Y esta no es una batalla local. Se libra en el seno de la Unión Europea, desde donde se ha lanzado la normativa anti-bulos que ha expuesto en el Congreso de los Diputados Pedro Sánchez para proteger la libertad de prensa y el derecho a la información, en el  marco del plan para la regeneración de la democracia del Gobierno de España. No ha planteado nada que no esté en el reglamento de la UE, aprobado con el apoyo del PP europeo, para obligar a los medios a desvelar quiénes son sus dueños y detallar las subvenciones que reciben. Los lectores tenemos derecho a saber quién se esconde tras las líneas editoriales. 
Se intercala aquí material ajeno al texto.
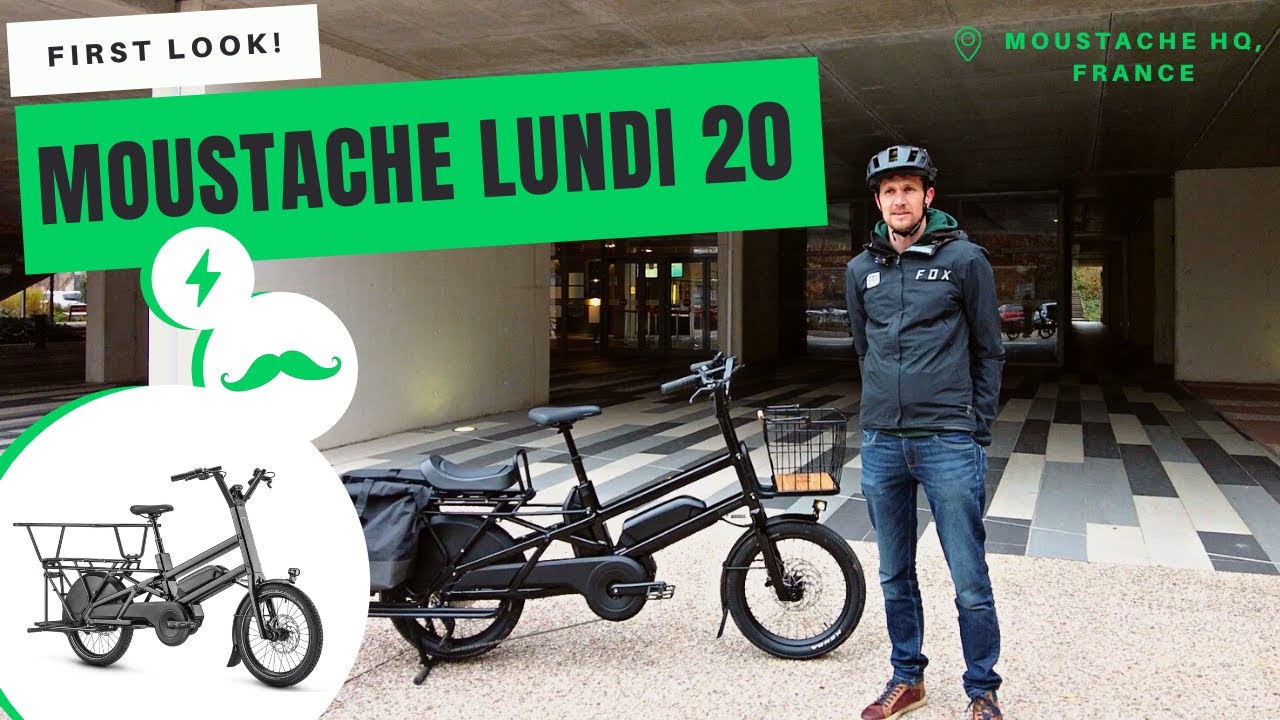 Moustache Lundi 20 EXCLUSIVE* First Look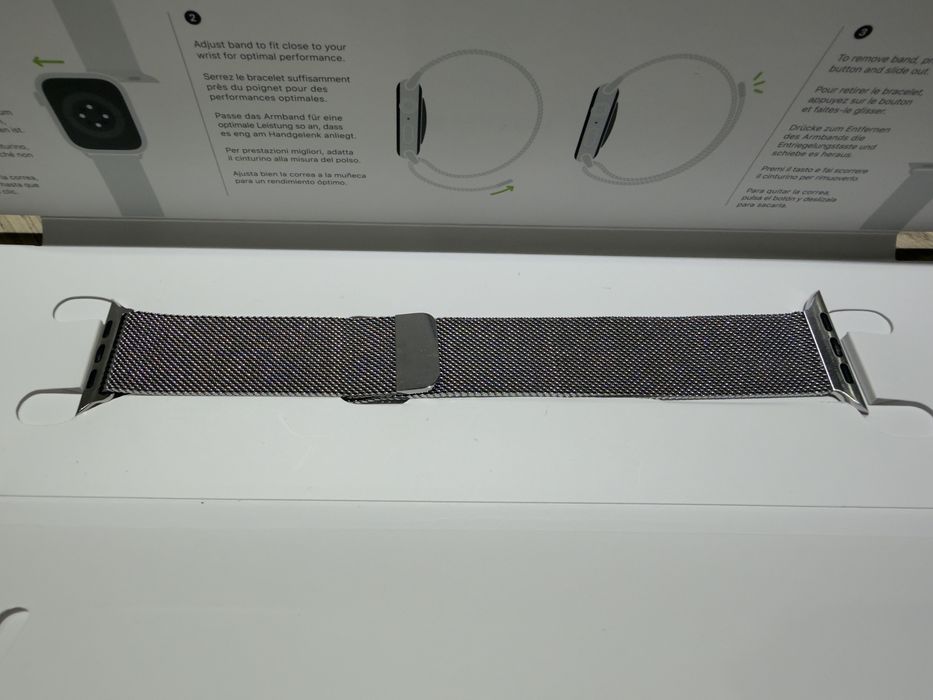 MILANESE LOOP Apple pasek 44/45/46/49 mm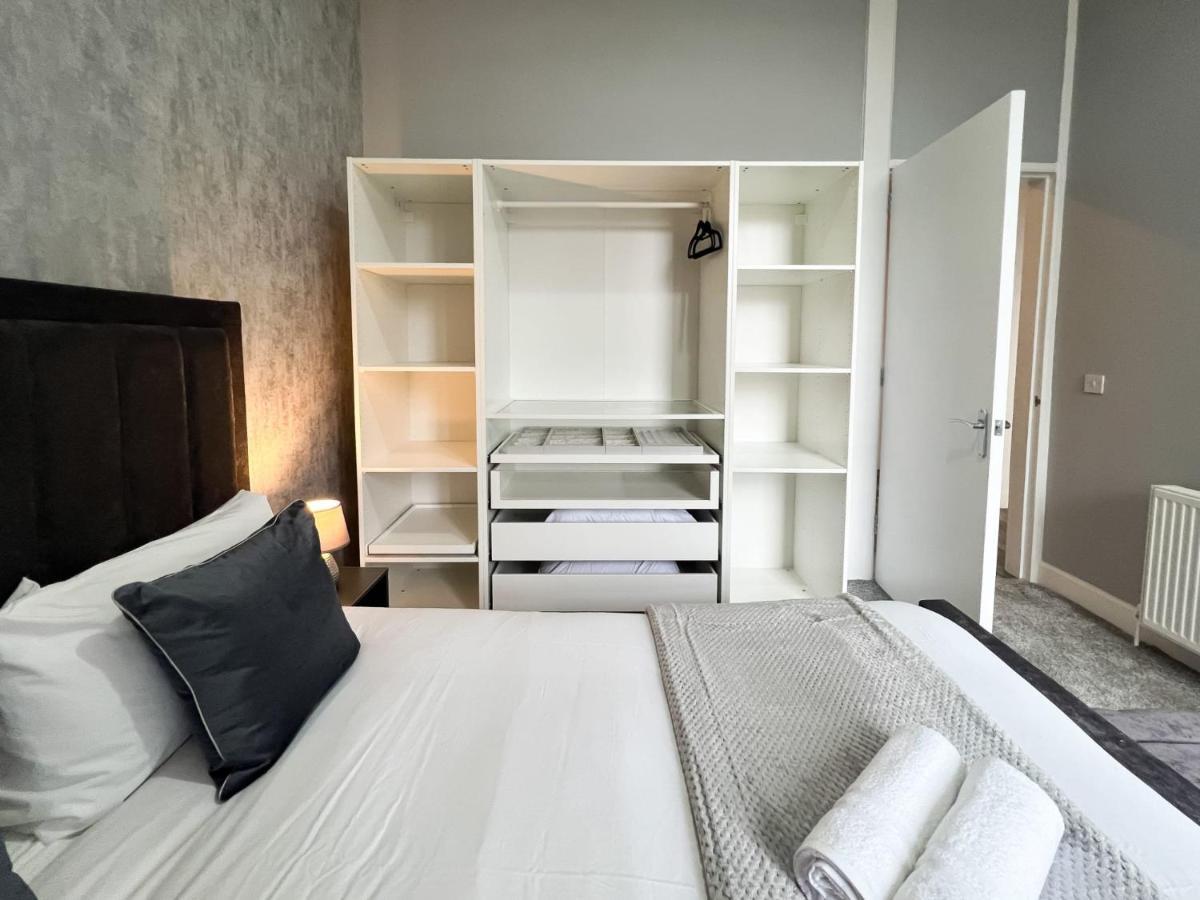 Premium 2Br Flat In The City Centre Glasgow Kültér fotó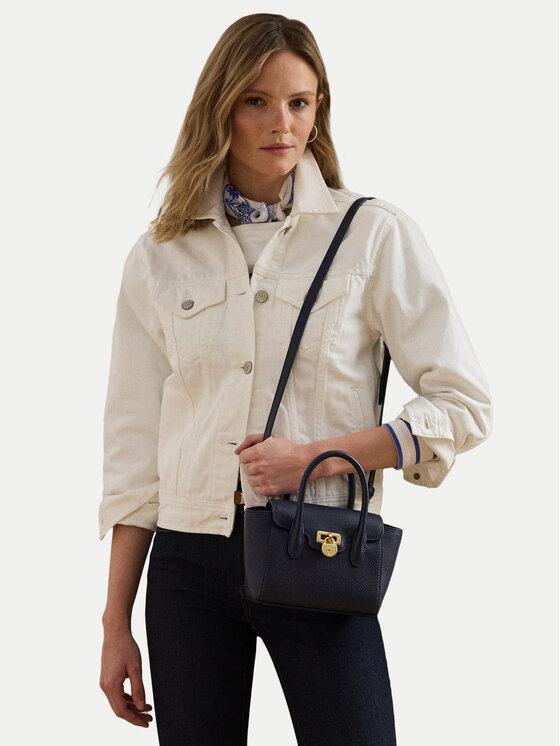 LAUREN RALPH LAUREN Torebka 431969349003 Granatowy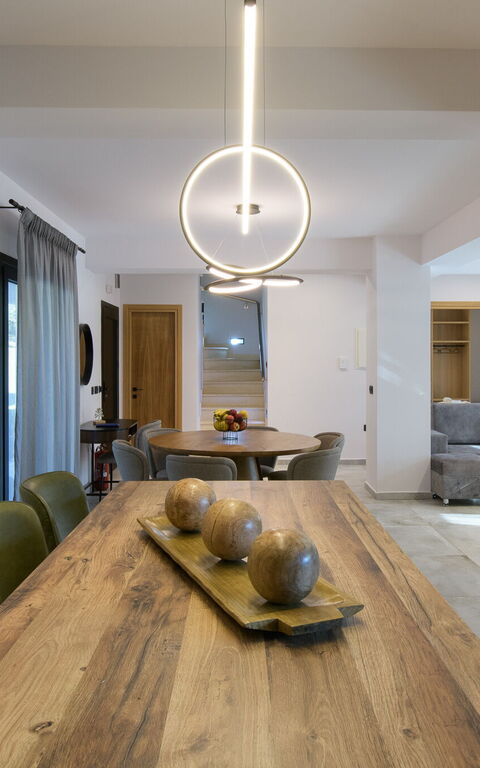 Villa Melitti: Dining Room, Kitchen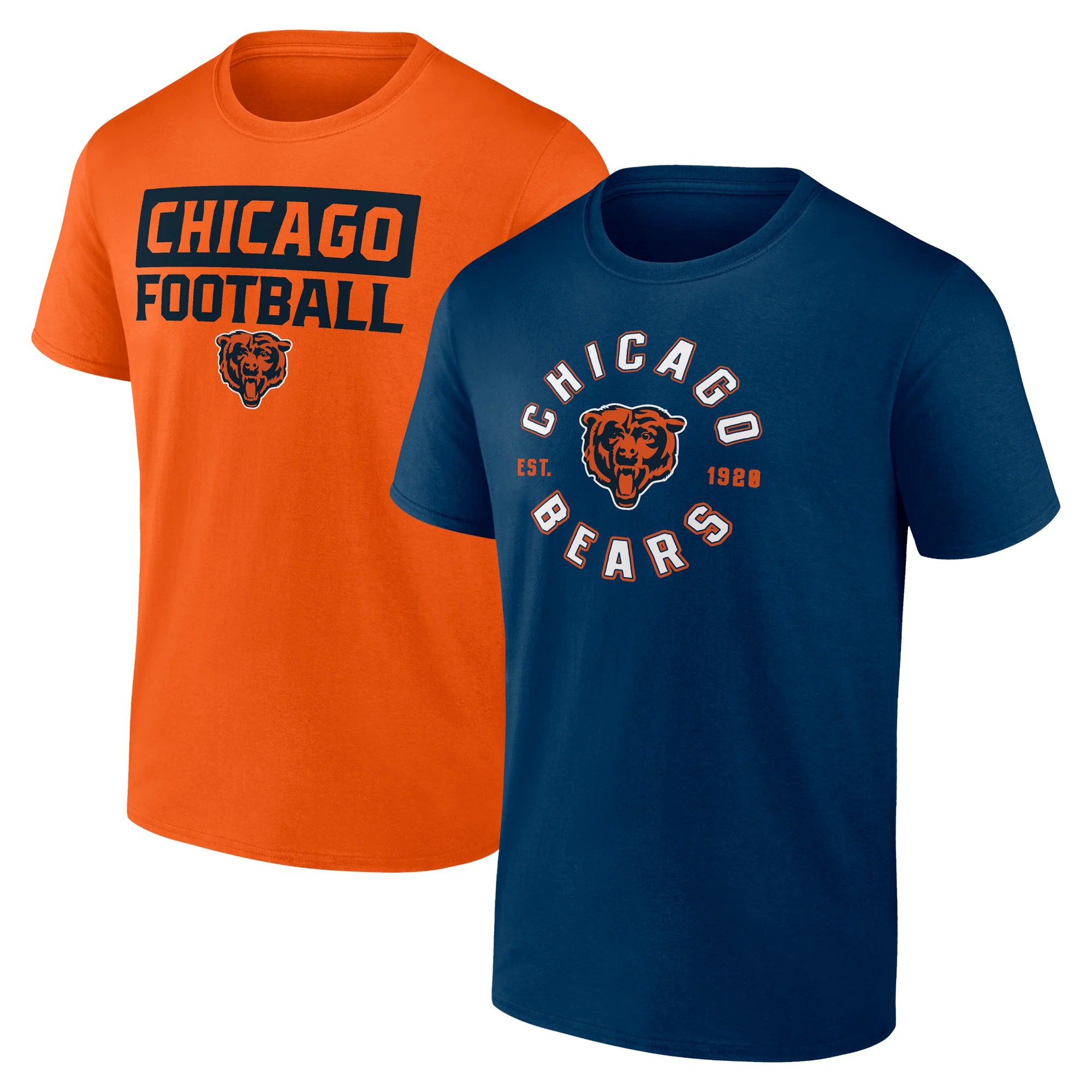 Fanatics Bears Serve TShirt Combo Pack Foot Locker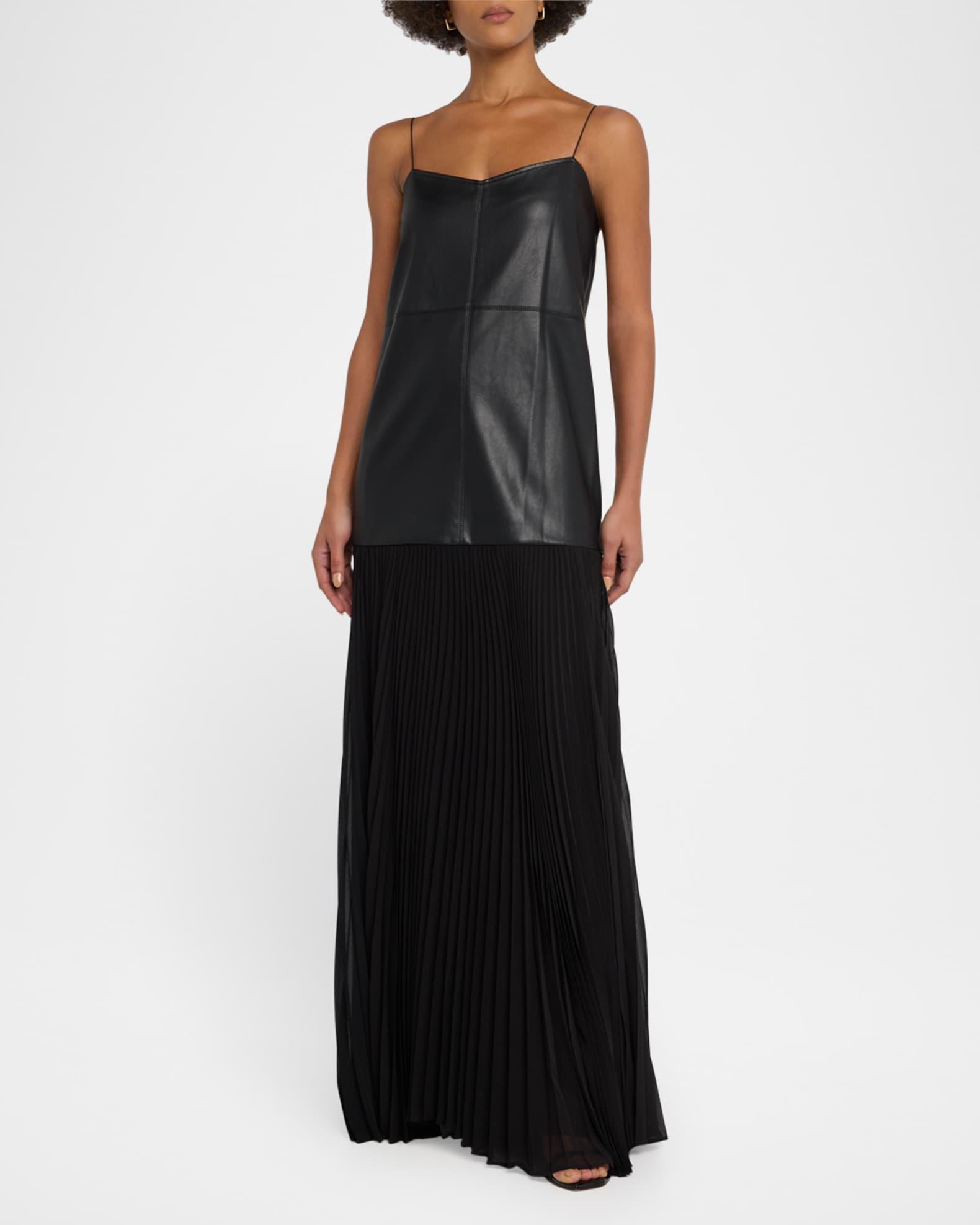 Kaleena Combo Maxi Dress Product Image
Karl Popper vivió en la Europa de las guerras mundiales y los totalitarismos. Referente antimarxista, no se me ocurre nadie mejor que él para refutar a quienes deberían  colocarlo en el altar del liberalismo pero, claro, para eso deberían ser liberales y saber quién es Popper. Esa es la gran paradoja a la que se enfrenta la democracia, la de defender el derecho a no tolerar a los intolerantes y dotarse de mecanismo que impidan que la máquina de fango la siga amenazando. Esa es la gran paradoja de los carvajales. Su soberbia ignorancia. Su execrable intolerancia.